We've all heard about declining book sales. The closing of so many Borders Stores. The bankruptcy claims. But I'm here to report something a little more uplifting. I was in Barnes and Noble at the mall, and surprisingly, the place was packed. Like stand in line kind of packed. There was no sale, no giveaway, no author meet and greet. Nothing.
This is different I thought. It's not Christmas. Nobody buys books for Easter, and Valentines Day is so over. So what's going on? I meander through the aisles, watching what everybody's picking up, taking in facial expressions, reactions to certain books. It's what I do for fun. Sue me, but I enjoy pretending to be a stalker. Makes me feel reckless.

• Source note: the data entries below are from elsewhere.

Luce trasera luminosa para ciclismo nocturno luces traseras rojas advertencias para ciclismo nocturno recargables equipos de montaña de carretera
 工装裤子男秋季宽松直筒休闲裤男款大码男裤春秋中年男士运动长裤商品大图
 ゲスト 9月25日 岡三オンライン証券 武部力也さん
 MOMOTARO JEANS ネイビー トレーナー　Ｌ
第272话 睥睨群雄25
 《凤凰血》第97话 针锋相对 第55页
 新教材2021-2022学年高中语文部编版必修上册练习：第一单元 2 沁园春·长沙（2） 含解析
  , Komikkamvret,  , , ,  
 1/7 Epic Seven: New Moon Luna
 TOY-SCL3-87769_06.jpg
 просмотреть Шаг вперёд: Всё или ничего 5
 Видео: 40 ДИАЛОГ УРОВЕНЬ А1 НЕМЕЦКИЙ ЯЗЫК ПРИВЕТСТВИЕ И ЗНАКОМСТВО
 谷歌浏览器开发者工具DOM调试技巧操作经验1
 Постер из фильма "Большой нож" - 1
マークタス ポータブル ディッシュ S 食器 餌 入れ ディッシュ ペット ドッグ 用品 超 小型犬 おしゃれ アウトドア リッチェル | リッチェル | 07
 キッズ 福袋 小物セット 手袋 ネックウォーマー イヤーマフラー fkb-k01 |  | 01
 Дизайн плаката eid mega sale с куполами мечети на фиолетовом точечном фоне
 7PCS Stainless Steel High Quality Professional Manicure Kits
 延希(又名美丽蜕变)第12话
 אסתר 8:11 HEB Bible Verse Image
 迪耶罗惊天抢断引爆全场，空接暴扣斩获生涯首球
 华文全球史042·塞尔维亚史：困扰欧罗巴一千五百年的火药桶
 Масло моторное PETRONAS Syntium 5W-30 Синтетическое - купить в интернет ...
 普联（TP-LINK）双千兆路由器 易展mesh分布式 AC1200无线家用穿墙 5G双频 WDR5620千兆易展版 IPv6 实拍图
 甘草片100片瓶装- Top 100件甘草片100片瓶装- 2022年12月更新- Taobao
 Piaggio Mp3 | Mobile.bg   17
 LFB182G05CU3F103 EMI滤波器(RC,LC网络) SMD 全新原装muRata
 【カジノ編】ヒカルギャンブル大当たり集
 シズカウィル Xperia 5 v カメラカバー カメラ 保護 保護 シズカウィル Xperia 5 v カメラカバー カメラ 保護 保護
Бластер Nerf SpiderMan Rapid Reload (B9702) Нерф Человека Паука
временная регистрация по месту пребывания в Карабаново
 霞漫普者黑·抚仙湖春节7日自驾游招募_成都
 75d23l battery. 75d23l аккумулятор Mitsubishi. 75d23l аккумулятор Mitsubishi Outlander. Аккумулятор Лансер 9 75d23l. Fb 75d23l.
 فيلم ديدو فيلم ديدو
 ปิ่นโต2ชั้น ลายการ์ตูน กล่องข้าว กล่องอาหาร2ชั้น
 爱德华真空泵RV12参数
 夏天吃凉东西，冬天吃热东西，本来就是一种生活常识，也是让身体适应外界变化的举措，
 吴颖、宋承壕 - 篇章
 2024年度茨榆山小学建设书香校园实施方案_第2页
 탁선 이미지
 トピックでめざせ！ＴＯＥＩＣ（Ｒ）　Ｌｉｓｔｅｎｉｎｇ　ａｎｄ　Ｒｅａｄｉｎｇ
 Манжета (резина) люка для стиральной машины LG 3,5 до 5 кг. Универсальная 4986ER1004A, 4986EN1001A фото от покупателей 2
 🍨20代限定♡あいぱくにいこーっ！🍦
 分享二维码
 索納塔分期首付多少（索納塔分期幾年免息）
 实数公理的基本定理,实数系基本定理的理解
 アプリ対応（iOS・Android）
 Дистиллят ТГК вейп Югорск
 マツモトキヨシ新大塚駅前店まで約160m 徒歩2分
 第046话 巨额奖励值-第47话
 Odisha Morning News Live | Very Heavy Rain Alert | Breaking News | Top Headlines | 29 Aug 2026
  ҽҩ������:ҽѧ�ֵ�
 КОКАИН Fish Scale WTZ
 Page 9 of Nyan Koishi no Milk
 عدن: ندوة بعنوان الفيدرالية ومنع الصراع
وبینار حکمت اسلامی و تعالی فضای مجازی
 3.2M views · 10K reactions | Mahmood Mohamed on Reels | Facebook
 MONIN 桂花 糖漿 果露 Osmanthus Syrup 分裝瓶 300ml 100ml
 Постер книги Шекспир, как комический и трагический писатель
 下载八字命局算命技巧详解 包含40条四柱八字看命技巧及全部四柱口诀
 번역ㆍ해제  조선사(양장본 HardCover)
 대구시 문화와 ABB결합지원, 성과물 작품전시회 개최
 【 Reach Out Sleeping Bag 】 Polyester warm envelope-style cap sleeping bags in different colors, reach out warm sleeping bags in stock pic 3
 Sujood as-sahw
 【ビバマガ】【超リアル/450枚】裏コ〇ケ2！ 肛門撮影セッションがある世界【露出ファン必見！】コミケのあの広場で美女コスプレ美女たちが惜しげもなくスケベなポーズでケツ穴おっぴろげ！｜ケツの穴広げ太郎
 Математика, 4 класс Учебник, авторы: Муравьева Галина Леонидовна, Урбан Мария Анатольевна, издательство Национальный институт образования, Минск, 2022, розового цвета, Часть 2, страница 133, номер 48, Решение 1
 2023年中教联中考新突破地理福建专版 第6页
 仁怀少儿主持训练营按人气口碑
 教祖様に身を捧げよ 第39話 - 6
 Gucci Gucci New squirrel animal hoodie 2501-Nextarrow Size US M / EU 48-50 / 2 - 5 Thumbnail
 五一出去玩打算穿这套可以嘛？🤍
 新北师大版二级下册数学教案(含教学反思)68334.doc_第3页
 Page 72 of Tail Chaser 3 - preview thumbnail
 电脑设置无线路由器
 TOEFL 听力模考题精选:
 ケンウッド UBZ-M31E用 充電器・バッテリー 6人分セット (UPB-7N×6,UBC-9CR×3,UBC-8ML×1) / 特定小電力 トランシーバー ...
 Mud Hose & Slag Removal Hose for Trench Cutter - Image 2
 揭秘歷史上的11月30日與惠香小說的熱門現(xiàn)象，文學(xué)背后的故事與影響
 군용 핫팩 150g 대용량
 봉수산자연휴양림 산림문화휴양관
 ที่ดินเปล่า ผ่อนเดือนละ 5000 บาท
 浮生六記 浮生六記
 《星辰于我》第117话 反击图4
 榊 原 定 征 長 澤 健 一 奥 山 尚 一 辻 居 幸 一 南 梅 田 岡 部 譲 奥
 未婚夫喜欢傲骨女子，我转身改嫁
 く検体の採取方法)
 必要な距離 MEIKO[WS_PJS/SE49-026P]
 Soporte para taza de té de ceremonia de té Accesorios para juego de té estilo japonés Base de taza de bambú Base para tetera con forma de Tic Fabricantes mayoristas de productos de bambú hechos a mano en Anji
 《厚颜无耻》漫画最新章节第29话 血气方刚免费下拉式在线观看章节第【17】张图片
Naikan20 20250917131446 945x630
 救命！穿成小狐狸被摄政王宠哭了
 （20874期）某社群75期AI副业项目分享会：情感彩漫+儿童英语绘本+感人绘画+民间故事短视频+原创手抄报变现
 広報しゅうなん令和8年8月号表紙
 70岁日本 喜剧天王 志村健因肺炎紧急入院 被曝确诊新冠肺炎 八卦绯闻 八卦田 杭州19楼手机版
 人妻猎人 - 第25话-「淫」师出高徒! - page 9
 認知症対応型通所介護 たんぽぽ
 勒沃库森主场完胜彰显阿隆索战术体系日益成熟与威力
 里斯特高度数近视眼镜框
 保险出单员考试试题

Inevitably, I make my way into the young adult section. And that's when I spot her. A young girl with a handful of books is running her fingers over a copy of Unearthly. Did I mention she had her arms filled with books? She was struggling with selections, I could tell. There were just too many great choices and I knew in my heart I'd seen that look before. The look that says you have a mental wish list of books and you're just picking them off as you go along, but you're not sure if you want to break the order of the list. I held back, but there was a huge part of me that wanted to make suggestions and thank her for coming in. But I remembered that I don't work at Barnes and Noble. On the other hand, I'm an aspiring author who supports other authors so I must support the bookstore too. And there's nothing wrong with dropping Across the Universe by Beth Revis into a young girls hands is there? I'm a volunteer. It's my duty. I'm okay with that.
I wanted to hug her. She bought about six books. That's awesome! Hello, we're making a comeback. I can feel it. But that would have been awkward. I could hear her now, explaining to the mall cop how some older lady just outright hugged her. I did not want to end up on somebody's creep wall. Who needs that on their resume. So I refrained from hugging and simply smiled at her. But inside I was beaming. She was keeping the dream alive and had no idea.
So how do you feel when you see someone buying books at your local bookstore? Should we hug, not hug?